- [RECORDS PROVIDED]
☆ ☆ ☆ ☆ ☆

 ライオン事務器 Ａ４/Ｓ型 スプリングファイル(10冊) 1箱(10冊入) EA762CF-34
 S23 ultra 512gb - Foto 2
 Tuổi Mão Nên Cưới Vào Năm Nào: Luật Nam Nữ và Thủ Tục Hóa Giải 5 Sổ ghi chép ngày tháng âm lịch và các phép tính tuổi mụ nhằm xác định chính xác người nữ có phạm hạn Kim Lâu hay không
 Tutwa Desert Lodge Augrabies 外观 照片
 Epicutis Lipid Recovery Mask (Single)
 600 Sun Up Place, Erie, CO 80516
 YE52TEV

☆ ☆ ☆ ☆ ☆

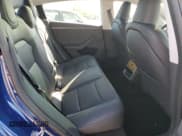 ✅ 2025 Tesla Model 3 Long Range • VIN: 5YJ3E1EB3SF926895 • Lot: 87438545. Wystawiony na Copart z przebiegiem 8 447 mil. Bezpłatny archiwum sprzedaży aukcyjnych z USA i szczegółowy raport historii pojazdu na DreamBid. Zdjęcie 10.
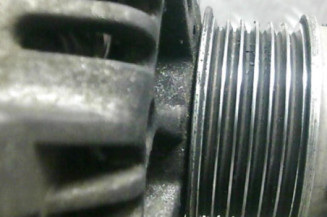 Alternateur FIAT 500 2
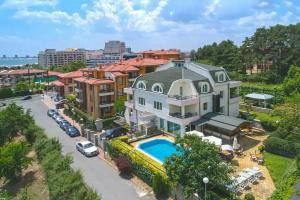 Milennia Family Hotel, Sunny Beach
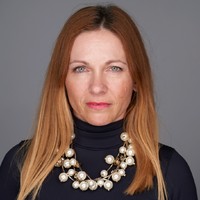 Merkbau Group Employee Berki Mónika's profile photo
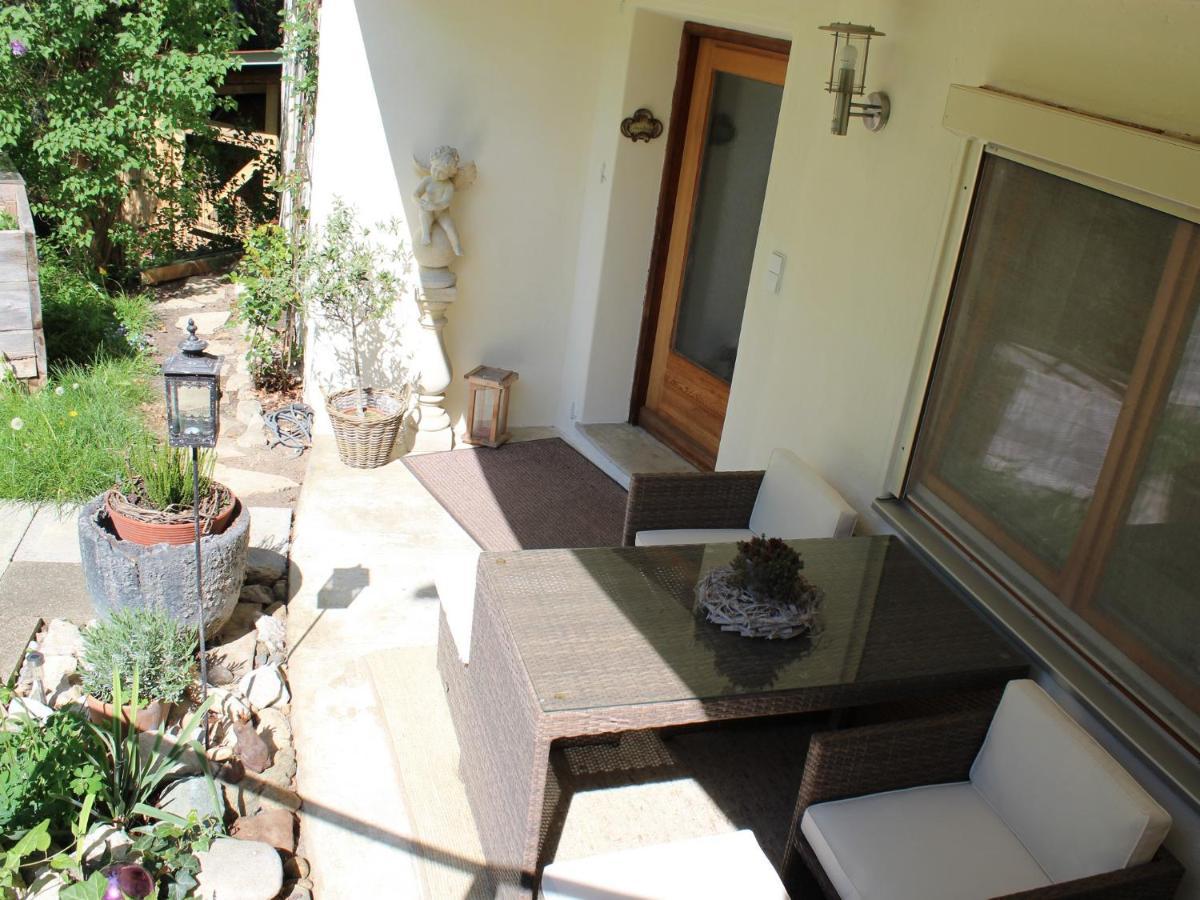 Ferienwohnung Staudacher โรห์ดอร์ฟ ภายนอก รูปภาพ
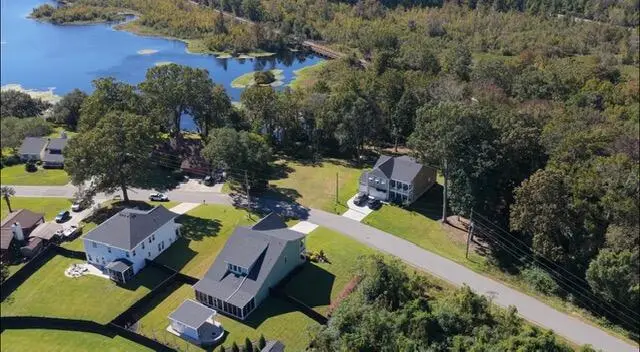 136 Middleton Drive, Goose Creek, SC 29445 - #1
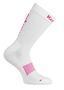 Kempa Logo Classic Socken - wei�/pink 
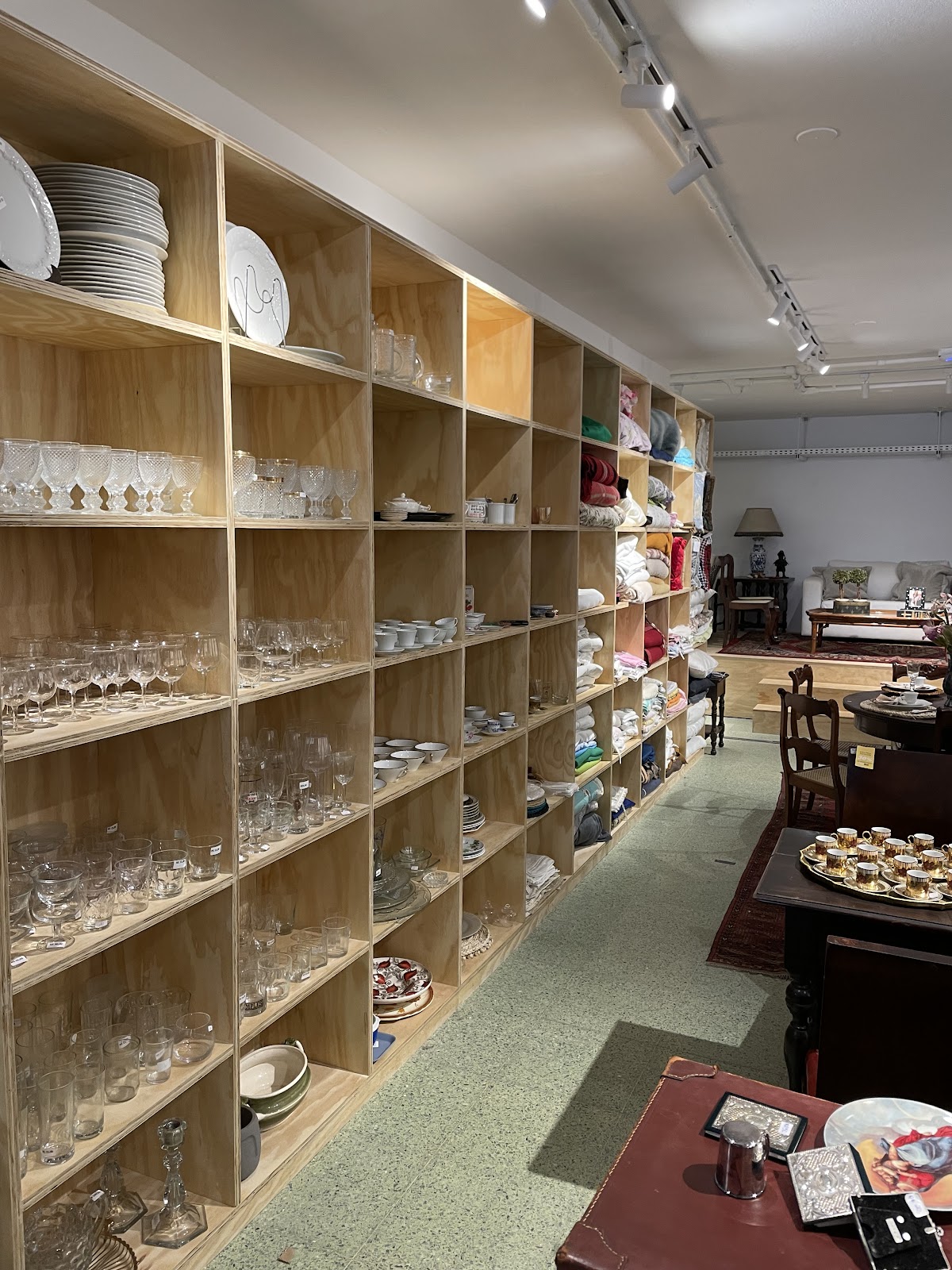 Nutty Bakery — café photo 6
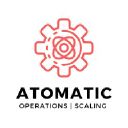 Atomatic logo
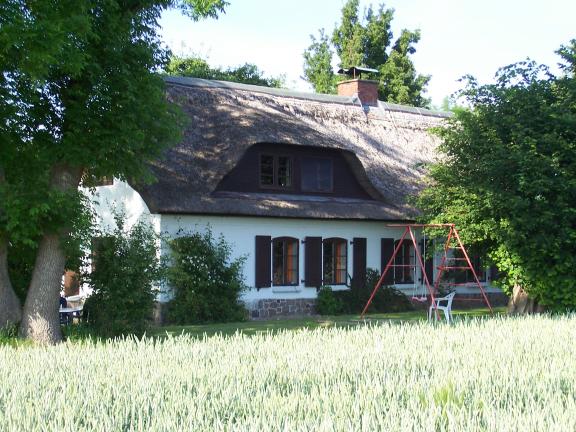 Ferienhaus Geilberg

☆ ☆ ☆ ☆ ☆

- [WHAT YOU SHOULD DO] Your task is to restate, word for word, only those lines above that fall between the line holding "ライオン事務器 Ａ４/Ｓ型 スプリングファイル(10冊)" and the line holding "Tuổi Mão Nên", inclusive.

- [EXERCISE SOLUTION]
 ライオン事務器 Ａ４/Ｓ型 スプリングファイル(10冊) 1箱(10冊入) EA762CF-34
 S23 ultra 512gb - Foto 2
 Tuổi Mão Nên Cưới Vào Năm Nào: Luật Nam Nữ và Thủ Tục Hóa Giải 5 Sổ ghi chép ngày tháng âm lịch và các phép tính tuổi mụ nhằm xác định chính xác người nữ có phạm hạn Kim Lâu hay không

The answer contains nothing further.